[What you need to do]:
After locating the line that bears "Tesla: Wizard At", restate word for word that line and the rest of the listing to its final line, excluding all pictures.

[Data provided]:
--- START ---

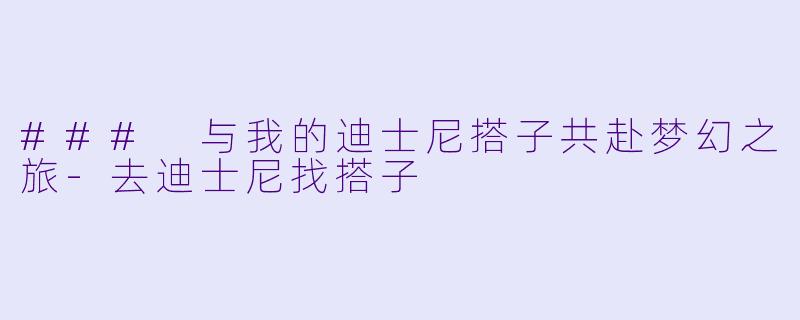 ### 与我的迪士尼搭子共赴梦幻之旅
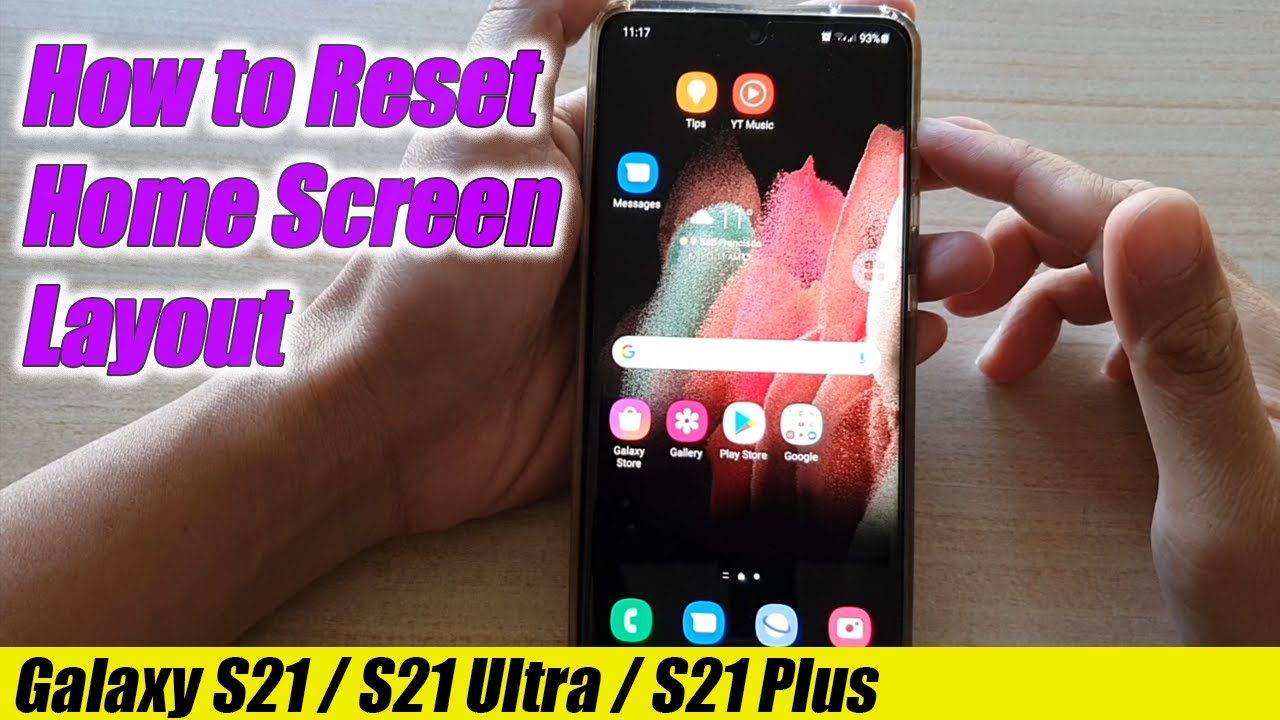 Galaxy S21/S21+: как сбросить настройки главного экрана до значений по умолчанию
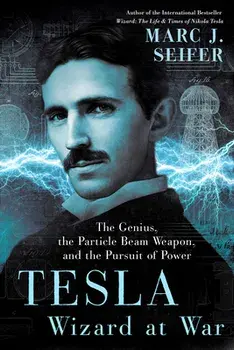 Tesla: Wizard At War. The Genius, the Particle Beam Weapon, and the Pursuit of Power, Hardback/Marc Seifer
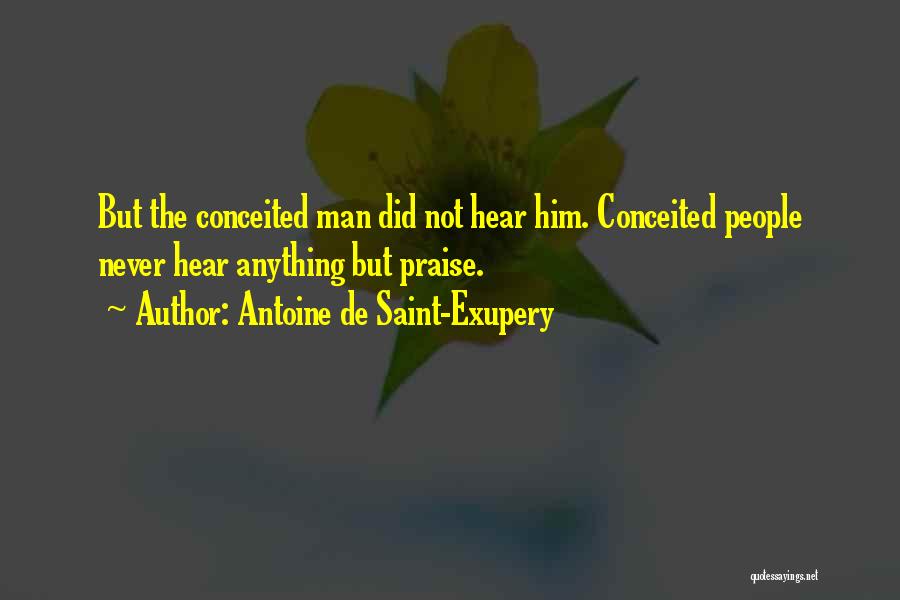 Antoine De Saint-Exupery Quotes: But The Conceited Man Did Not Hear Him. Conceited People Never Hear Anything But Praise.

--- END ---

[Problem solution]:
 Tesla: Wizard At War. The Genius, the Particle Beam Weapon, and the Pursuit of Power, Hardback/Marc Seifer
 Antoine De Saint-Exupery Quotes: But The Conceited Man Did Not Hear Him. Conceited People Never Hear Anything But Praise.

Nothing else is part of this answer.